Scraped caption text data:
-- Opening Marker --

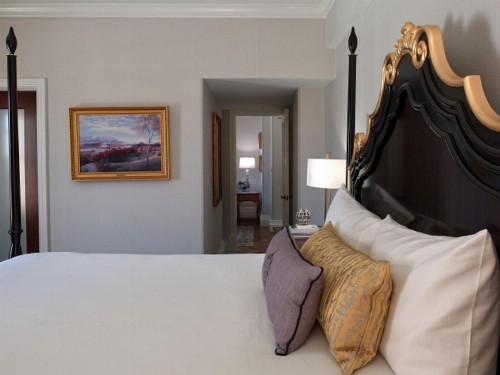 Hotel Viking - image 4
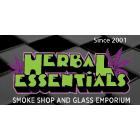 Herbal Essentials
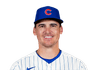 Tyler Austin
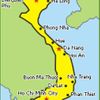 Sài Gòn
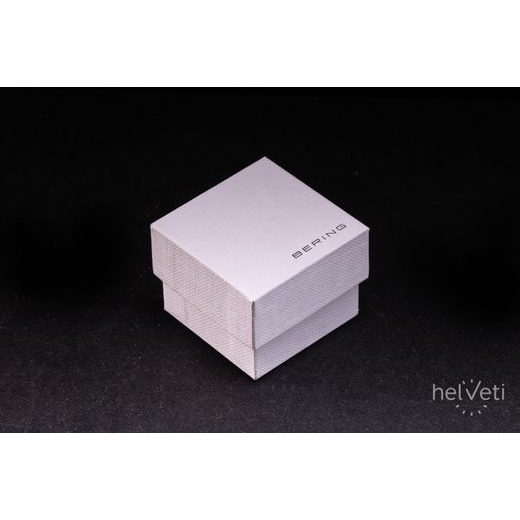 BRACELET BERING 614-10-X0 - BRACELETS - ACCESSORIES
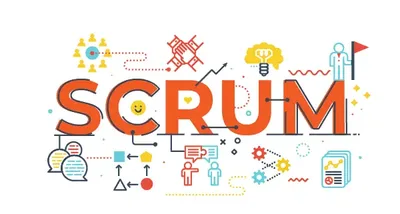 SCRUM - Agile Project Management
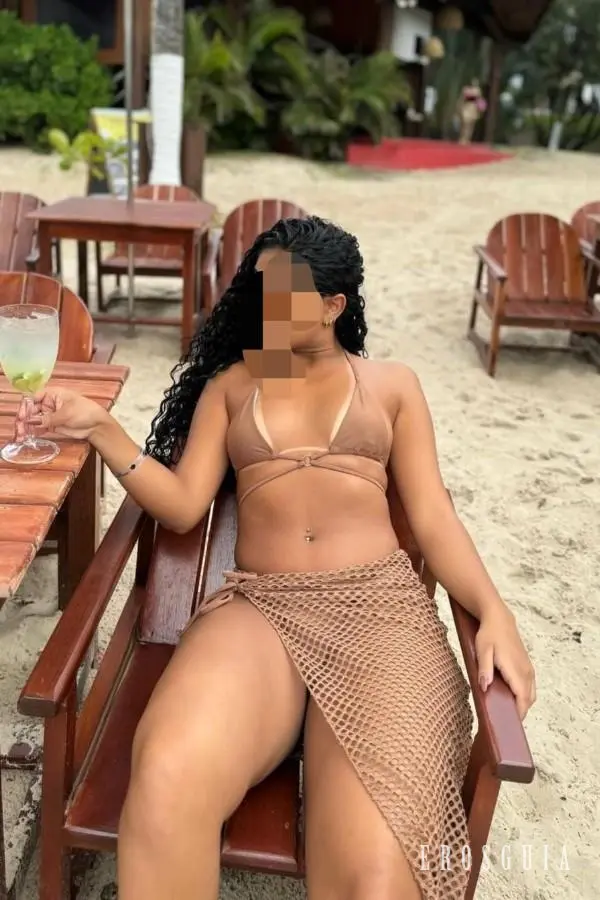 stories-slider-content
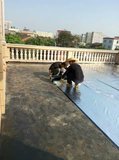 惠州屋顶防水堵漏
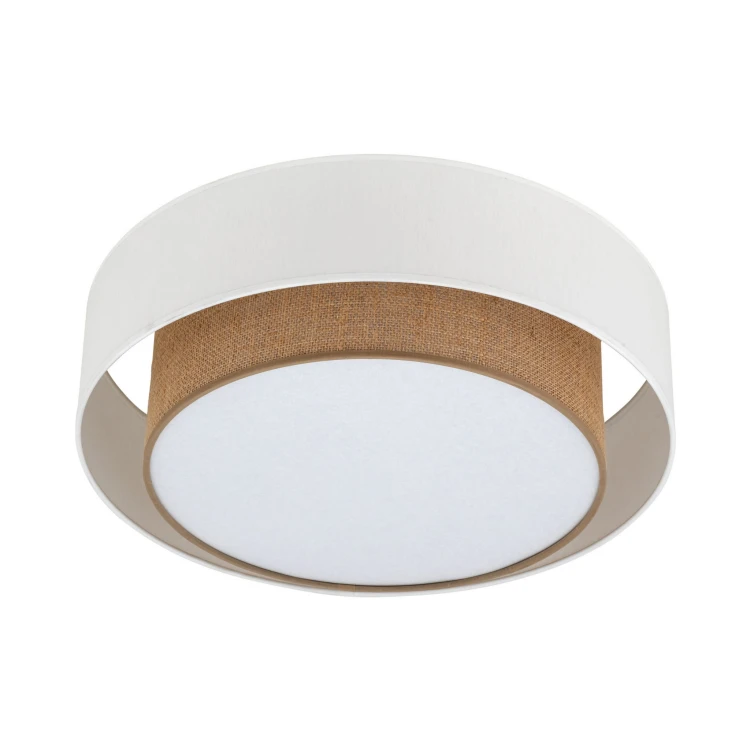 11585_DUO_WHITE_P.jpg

-- Closing Marker --

> [Work order]
Beginning at the line with "SCRUM - Agile Project Management", reproduce word for word each line through the last line of the records. Include both ends but no pictures.

> [Solved problem]
 SCRUM - Agile Project Management
 stories-slider-content
 惠州屋顶防水堵漏
 11585_DUO_WHITE_P.jpg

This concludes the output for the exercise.